Write out the lines below exactly, beginning at the one with "Ilan Rubin speakinbg" and stopping after the one with "Fashionable women's two-tone"; the pictures are not copied.

_ENTRIES PROVIDED_:
______

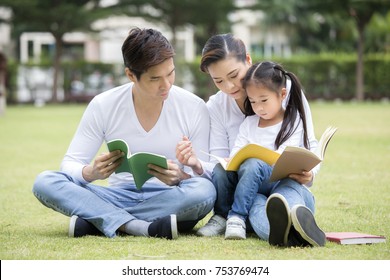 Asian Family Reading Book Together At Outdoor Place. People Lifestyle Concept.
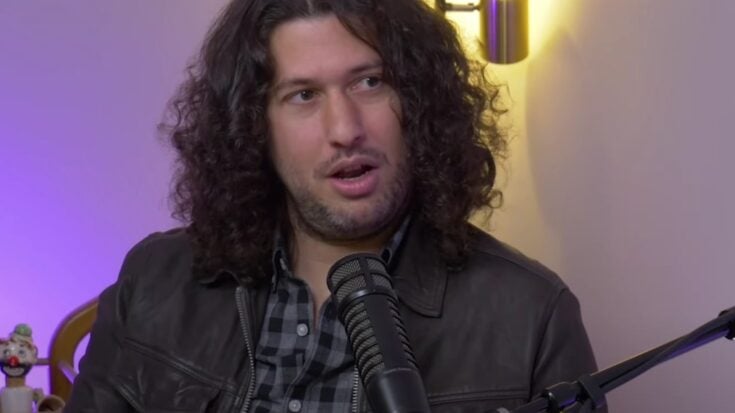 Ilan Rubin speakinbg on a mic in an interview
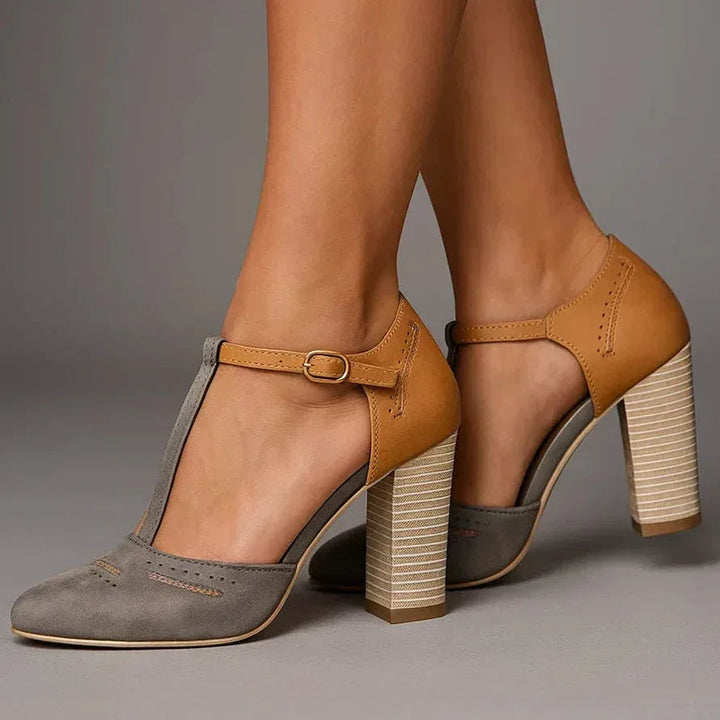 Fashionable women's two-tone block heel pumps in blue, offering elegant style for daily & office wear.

______

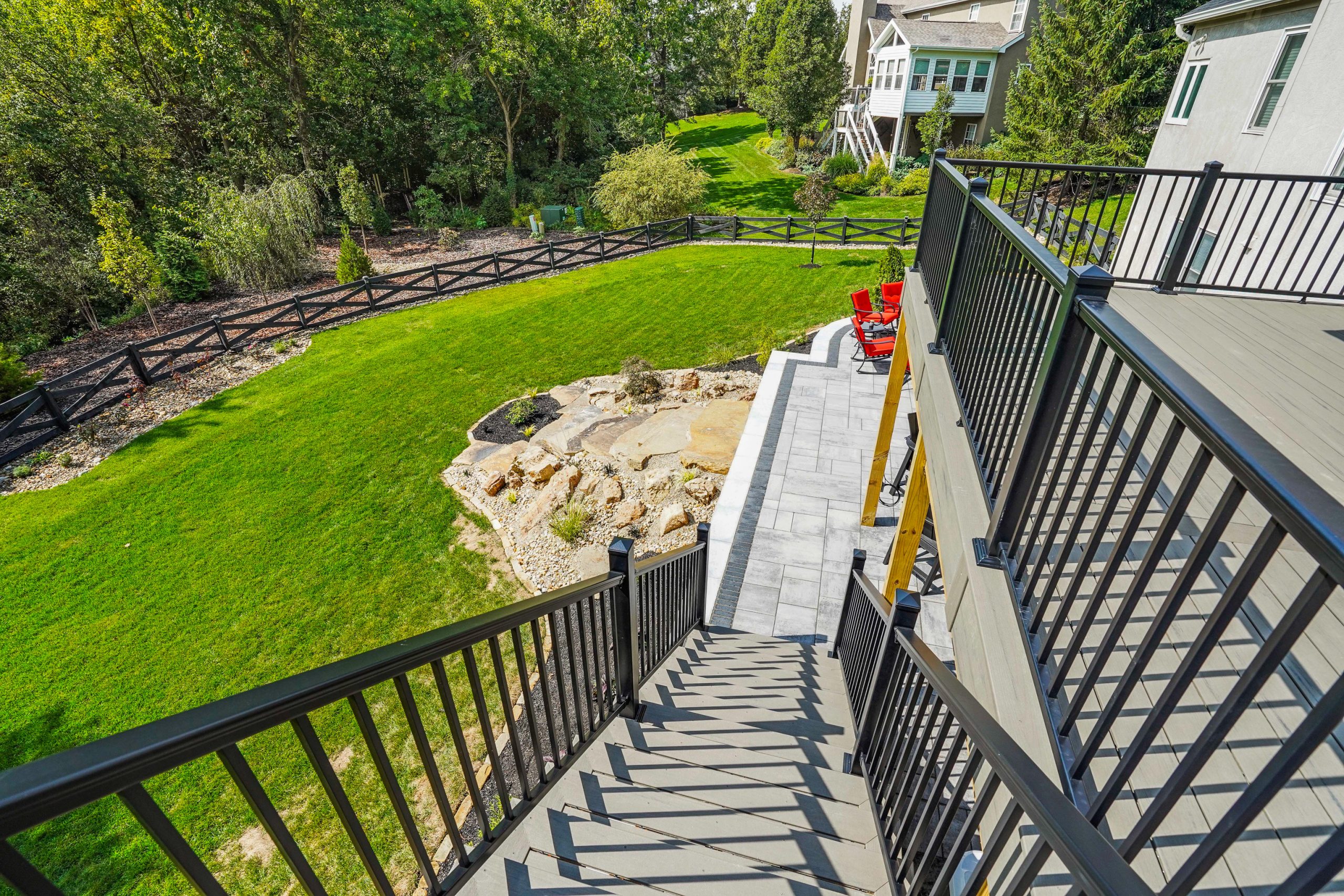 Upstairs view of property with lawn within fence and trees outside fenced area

______

_OUTPUT OF THE TASK_:
 Ilan Rubin speakinbg on a mic in an interview
 Fashionable women's two-tone block heel pumps in blue, offering elegant style for daily & office wear.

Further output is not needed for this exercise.